Failures in literary studies
Bob Hicok
Books that should exist:
The Fart of War. The Satanic Hearses.
I’m going downhill so fast, I must be a bicycle.
A Farewell to Harms. What doesn’t kill you
makes you longer when you’re young, though eventually
you start to shrink. Or need a shrink. Or both. A Room
With a Zoo. Crying among babies is more contagious
than laughing, and adults are babies
who’ve learned to drive. One Hundred Years
of Solid Food. If I make it to eighty, I’ll be surprised
if you hide a file in my birthday cake. Though everyone dies,
no one escapes. Little Swimmin’. That’d be swimming
in a bathtub or pond, not an ocean. I liked that book,
the real one, as a movie with Winona Ryder and even more
as a movie with Saorise Ronan. Why aren’t more movies
made into dance crazes, or more love made into presidents
and kings? Our Bodies, Our Elves. The Age of Arrogance
is every age, though people are better at being arrogant now
than any one has ever been. So there. Tada. Everything That Rises
Must Submerge makes more sense to me the longer I wait
for empathy to win the Super Bowl. The King James Babel.

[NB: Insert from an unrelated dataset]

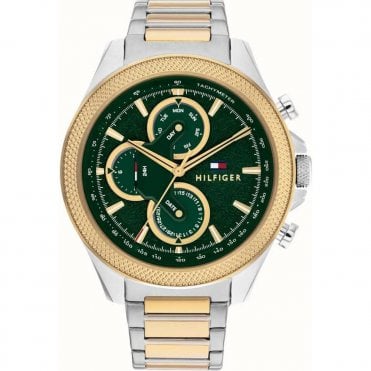 Men's Two Tone Clark Watch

Once upon a time, I had lots of time, and hair, and oreos,
and people spoke the language of looking each other
in the eyes. You couldn’t call, or text, and no one knew
what the pneu was, you had to stand face to face
and grunt or punch or kiss. The Diary
of a Young World. Then seven, or eight
trillion times upon a time, we proved hypocrisy
is what separates us from animals. Their Lies
Were Snatching God. Good thing I don’t read. Or write,
especially this poem. The Hell Jar. The Fear
of Magical Thinking. Of any thinking. Except thinking
I must be right.
Bob Hicok is the author of poetry collections including Water Look Away, Red Rover Red Rover, and Elegy Owed.